February 20, 2017 Leave a comment
We attended, for the first time ever, the 8th annual Nordlys Film & Arts Festival here in Camrose at the historic Bailey Theatre downtown. The word Nordlys is Norwegian for northern lights-aurora borealis.
Although we didn’t purchase the all-inclusive pass, since we were unable to attend Sunday’s offerings, we opted for a Friday pass, which included the opening ceremonies and two films, as well as music from local musicians Stephen Olson, and Tigs & Whisky.

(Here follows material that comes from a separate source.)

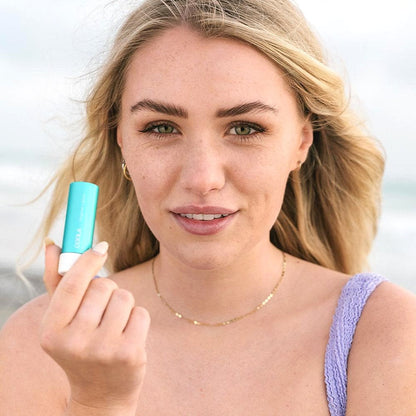 Woman holding Classic Liplux® Organic Lip Balm SPF 30, showcasing radiant skin and beachy backdrop.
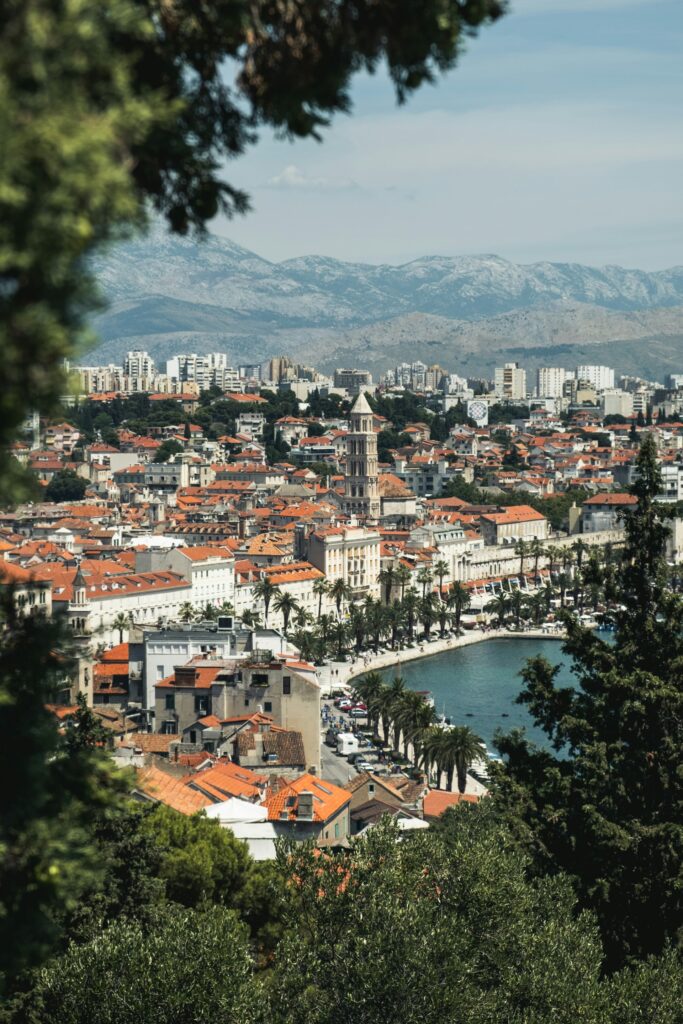 Split old town, bell tower and Riva seen through Marjan pines in high summer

The first film, entitled “Pawn Sacrifice,” originated from the USA in 2016. It’s executive producer was former Camrosian, Dale Armin Johnson, who was present for the film and a Q & A afterwards. The film is described as a “Biographical Drama,” telling the story of American chess prodigy, Bobby Fischer, played by Tobey Maguire. “Pawn Sacrifice” is a thoughtful study of the narrow line between genius and madness. The film intersperses clips dating back to the Cold War 1970s of Fischer and others, as well as borrowing music from that time from musicians such as Credence Clearwater Revival and Jefferson Airplane. The film is both a reasonably accurate portrayal of superpower rivalry in the Cold War period as well as a statement about the tragic destiny of a chess genius.
The second film was “Ida,” originated from Poland, and described as a “Drama.” Ida is a young novitiate nun in 1960s Poland. The film follows her life journey as she meets up with an aunt who travels with her to discover that she is Jewish and her parents were murdered during the Nazi occupation of Poland. A rather sad, sober, and tragic film in every respect.
On Saturday we purchased tickets for the afternoon Alberta Short Docs. They were absolutely marvellous! I was thoroughly impressed with three of the seven short docs.
My favourite short doc was the first one, “We regret to Inform You…,” directed by Eva Colmers and Heidi Janz. The film highlighted how narrow and exclusive government bureaucrats can define and apply their criteria regarding who is or is not eligible for disability funding. The film features a day in the life of Ph.D. scholar Heidi Janz, and is a legitimate critique of government policies regarding the differently-abled.
The second short doc was entitled “The Grasslands Project: Life Out Here.” It focussed on four ranching and farming women in southern Alberta, portraying their life and times. The film addresses themes such as the role of farm and ranch women, isolation and the need to improvise and be independent as well as neighbourly in order to survive, the freedom, beauty and joy of the open prairie rangeland, and more.
My third favourite short doc was “Classic Camera.” The title is actually the name of a camera store in Edmonton. The store is run by an 85-year-old gentleman, Wally Franiel. The store is full of non digital cameras and equipment from bygone days, although some still choose to use these old cameras. Wally is a wonderful eccentric, who enjoys telling many a tale.
I thoroughly enjoyed the Nordlys festival, and hope to go next year as well.